Fringe Festival 2011: ‘Hamlet: Reframed’
By Fiona Zublin
Tuesday, July 12, 2011
If you want to do “Hamlet” at the Fringe, you need to have a new idea — not only because Fringe shows are supposed to be new and different, but because Hamlet is a million hours long and nobody is going to sit through that in an un-air-conditioned black-box theater. Grain of Sand Theatre Company’s concept in “Hamlet: Reframed” is brutal: Take out all the introspection.
Instead of zeroing in on Hamlet’s soliloquies and cutting out all the international intrigue — how many productions totally ignore the fact that a Norwegian prince swoops in at the end and takes over Denmark? — “Hamlet: Reframed” slashes out Hamlet’s soul-searching, his encounters with the ghost, everything that gives you a window into his thought processes, in favor of highlighting the confusion the rest of the court feels about his sudden behavioral shift. And while most of us have at some point thought, “Oh, shut up already,” at Hamlet’s endless waffling over the mysteries of existence, it turns out that without all the navel-gazing, “Hamlet” isn’t all that interesting. Sure, Hamlet’s kind of a trigger-happy maniac, but that’s no revelation. He’s a trigger-happy maniac in the original, too.

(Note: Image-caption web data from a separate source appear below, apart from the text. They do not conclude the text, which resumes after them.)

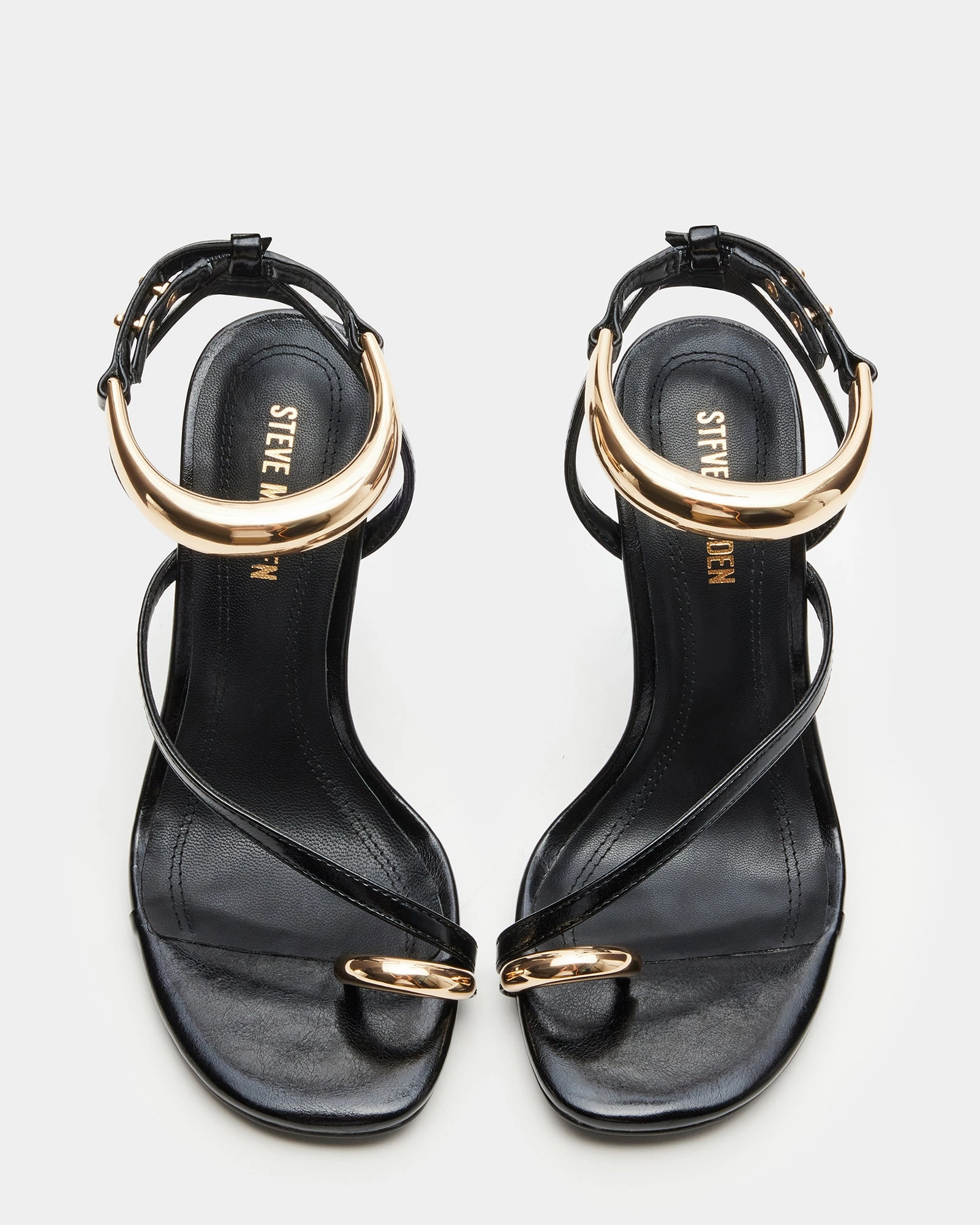 TIA BLACK Who Wear High Heels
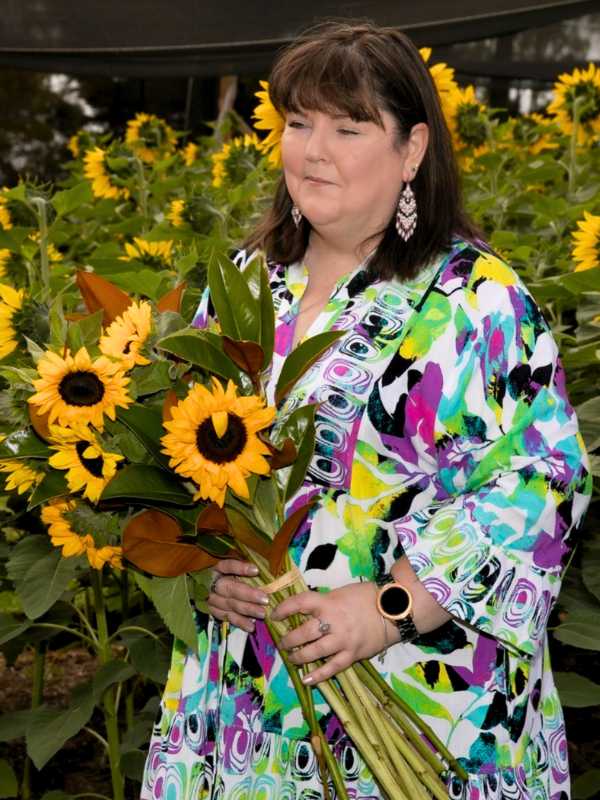 Wendy – Sunflower Garden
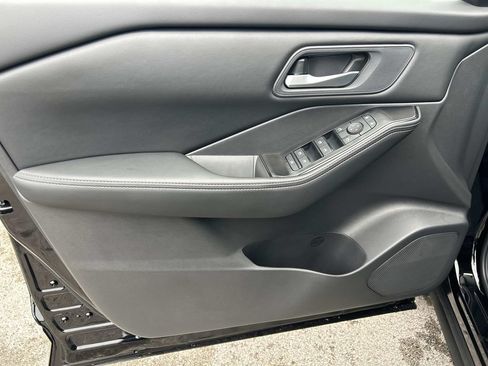 New 2026 Nissan Rogue SV FWD image 15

Not to suggest that Hamlet is the only worthwhile character in “Hamlet,” but the actors in “Hamlet: Reframed” never offer any inner life or even animation to their characters, so what is the point of highlighting them? The play goes for a vaguely modern vibe (pistols instead of swords; Ophelia’s costume looks as if it came from Urban Outfitters), but there’s no clear reason for this, and Hamlet continues to be the most interesting character purely by virtue of Sam Rabinovitz’s wild-eyed performance as the prince of Denmark. “Hamlet” is all about sex, revenge and death, so where did the passion go?